Bataille juridique imminente : Sony fait face à une vague de critiques concernant le prix et la préservation du catalogue numérique de PlayStation
Sony risque des poursuites judiciaires, les consommateurs protestant contre un écart de prix de 47 % entre les jeux numériques et la disparition progressive des supports physiques.

Le coût de l'exclusivité numérique
Le principal grief porte sur le manque de concurrence dans l'écosystème numérique. Contrairement au marché du PC, où des plateformes comme Steam, Epic Games et GOG rivalisent pour séduire les consommateurs, le PlayStation Store reste un environnement fermé. Ce contrôle permet à Sony de maintenir des prix élevés pour les versions numériques de jeux qui, dans le commerce traditionnel, sont soumis à la concurrence, aux ventes flash et à la disponibilité sur le marché de l'occasion.

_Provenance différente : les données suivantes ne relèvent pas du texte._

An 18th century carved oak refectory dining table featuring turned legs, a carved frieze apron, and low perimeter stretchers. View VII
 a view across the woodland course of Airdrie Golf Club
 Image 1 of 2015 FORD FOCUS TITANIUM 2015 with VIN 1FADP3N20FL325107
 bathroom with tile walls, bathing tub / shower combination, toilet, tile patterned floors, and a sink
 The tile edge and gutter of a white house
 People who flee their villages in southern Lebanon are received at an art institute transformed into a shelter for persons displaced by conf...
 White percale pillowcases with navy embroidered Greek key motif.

Le mouvement «Stop Killing Games»
Le débat s'est intensifié avec l'essor de la campagne «Stop Killing Games», un mouvement dédié à la préservation de l'accès aux jeux vidéo. Les défenseurs du numérique affirment que la transition vers un avenir «100% numérique» – où les disques physiques deviennent optionnels, voire totalement exclus – menace le droit de propriété des consommateurs. Lorsqu’un service numérique ferme ses portes, le produit disparaît purement et simplement, laissant le consommateur sans rien. Les critiques réclament désormais une intervention juridique pour contraindre les entreprises à fournir des solutions permettant de continuer à jouer aux jeux même après l’arrêt du support officiel des serveurs.
Vers les tribunaux
Face à la tendance du secteur à éliminer totalement les supports physiques, les juristes commencent à examiner les implications des contrats de licence numérique sur les droits des consommateurs. Si l’industrie persiste à promouvoir un modèle où les utilisateurs ne font que «louer» l’accès au produit plutôt que de le posséder, les autorités de régulation pourraient bientôt intervenir pour garantir des prix équitables et la viabilité à long terme des produits. La défense des supports physiques n’est plus seulement une préférence de passionnés; elle devient désormais une question de protection des consommateurs et de droit de la propriété numérique.